##### Data section

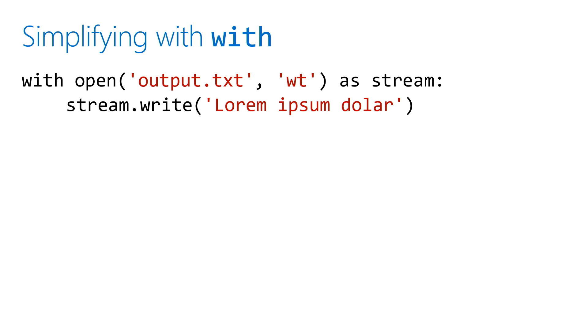But some of us don't always remember to do that in our code. So I can simply say: when we do 'with' an open command to write to this file as a stream...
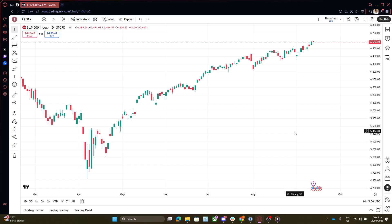If you notice that your charts are indeed delayed, the next step is pretty straightforward. Log out of your TradingView account, then log back in. This might seem too simple, but often it's these little glitches that logging out and back in can resolve. It sort of refreshes your session and might just restart things enough to get back to real-time.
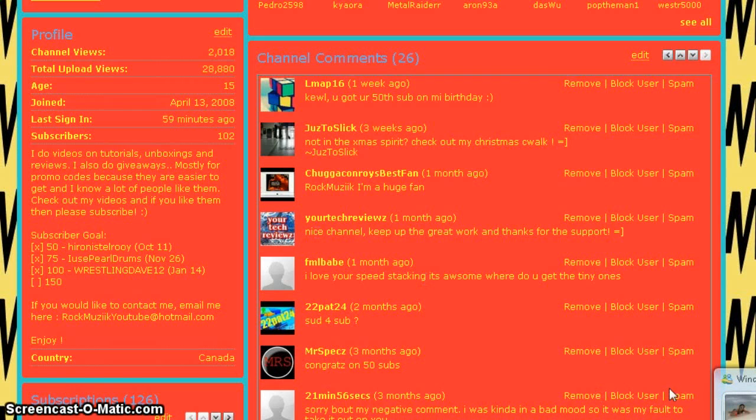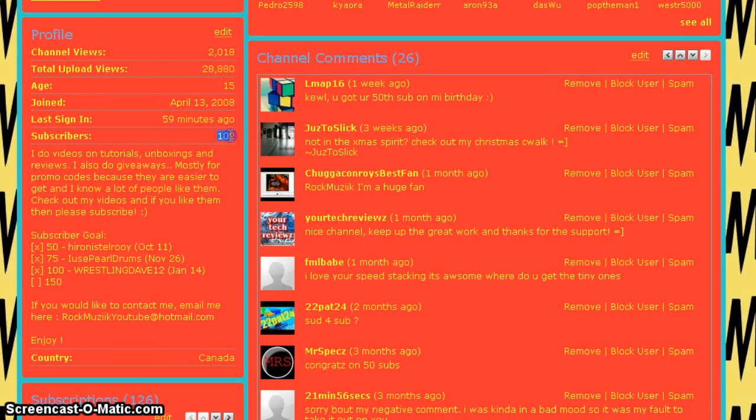Hey guys, so I'm just making a video to thank you guys for 100 subscribers. Right now I have 102. Wrestling Dave 12 was my 100th subscriber on January 14th. Sorry if you can't hear my voice properly, I don't have my mic here.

##########

- [What to produce]
When you transcribe the lines above, keep every word exact but leave the pictures behind.

- [Task answer]
But some of us don't always remember to do that in our code. So I can simply say: when we do 'with' an open command to write to this file as a stream...
If you notice that your charts are indeed delayed, the next step is pretty straightforward. Log out of your TradingView account, then log back in. This might seem too simple, but often it's these little glitches that logging out and back in can resolve. It sort of refreshes your session and might just restart things enough to get back to real-time.
Hey guys, so I'm just making a video to thank you guys for 100 subscribers. Right now I have 102. Wrestling Dave 12 was my 100th subscriber on January 14th. Sorry if you can't hear my voice properly, I don't have my mic here.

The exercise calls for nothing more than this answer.